Donna says: December 30, 2018 at 12:04 am

My fire pot fills up faster than it use to on the first setting. I only burn pellets and never get any clunkers it is all ash. I can use something to push down in the burn pot so it doesn’t fill so fast. And the window get black faster than before. I noticed when I was cleaning it that one of the little side doors doesn’t close all the way now. Please help.

Earth Sense Energy System says: December 31, 2018 at 11:50 am

Thanks for contacting us Donna, happy to assist. Sounds like we may have a combustion air issue going on here. You will also want to check your versa grate shaker underneath the burnpot and make sure that is moving back and forth.

1. Cleaning/Maintenance: #1 cause that creates issues like what you are seeing. Thoroughly clean the stove, all ash traps, upper heat exchange, exhaust blower manifold and venting. Ash build up in the stove or vent will cause these issues.
2. Check your gaskets on the door and ash pan, make sure they are tight all the way around. Inspect the glass gasket – make sure there are no gaps or air leaks.
3. Check the ash dump under the burnpot. Needs to be completely closed during operation
4. As mentioned above, check your versa grate to make sure it’s operating correctly. By opening the side panel you should be able to see if the versa grate motor is running and if the cam/ball is rotating correctly in the versa grate shaft so that the burn grate shaker (Firepot Floor) is moving back and forth slowly.
5. Make sure the burn grate (firepot) is seated all the way down properly
6. Check your combustion blower / exhaust fan.

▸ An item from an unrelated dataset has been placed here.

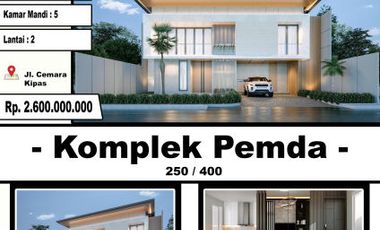 milki hunian mewah design kontemporer sangat mewah di cemara gading/cemara kipas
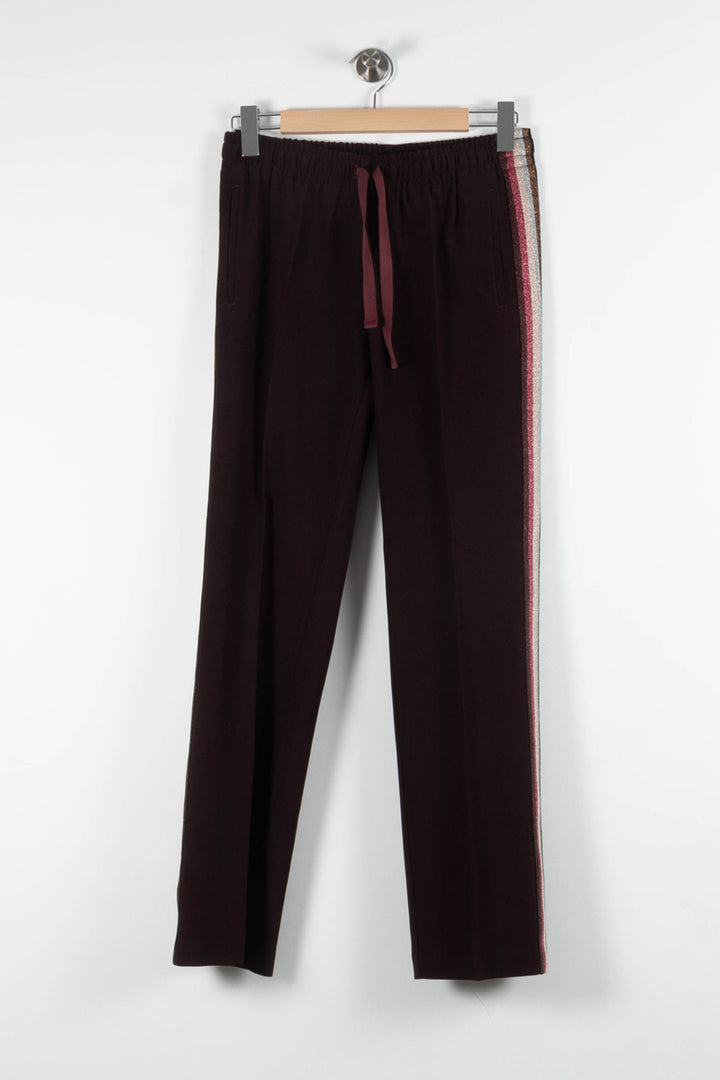 Pantalon Violet - Taille M/38 de la marque Zadig&Voltaire | PARAD84075 - Vendu par Paradigme - Image 2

Make sure it appears to be operating at near line voltage during start-up.

Not 100% sure what you mean by the little side door closing properly. Possibly you mean the ash trap door? If the door is warped or tweaked we do offer new replacements for those. Just let us know.

Using a Leaf Blower/Vac on the exhaust outside is one of our best cleaning tools. It helps suck out ash from areas near impossible to get at. Here is a link to look at:

If you need any other help let us know. We do offer every part for St Croix and guarantee the best prices should you need anything.


Dianna says: January 8, 2019 at 10:34 am

My St croci pellet stove is creating a lot of black soot in side walls top and glass I’ve changed ash pan door gasket and still does it what can I do nest

Earth Sense Energy System says: January 8, 2019 at 4:49 pm


Thanks for contacting us, happy to assist. In most cases this would be a combustion air issue.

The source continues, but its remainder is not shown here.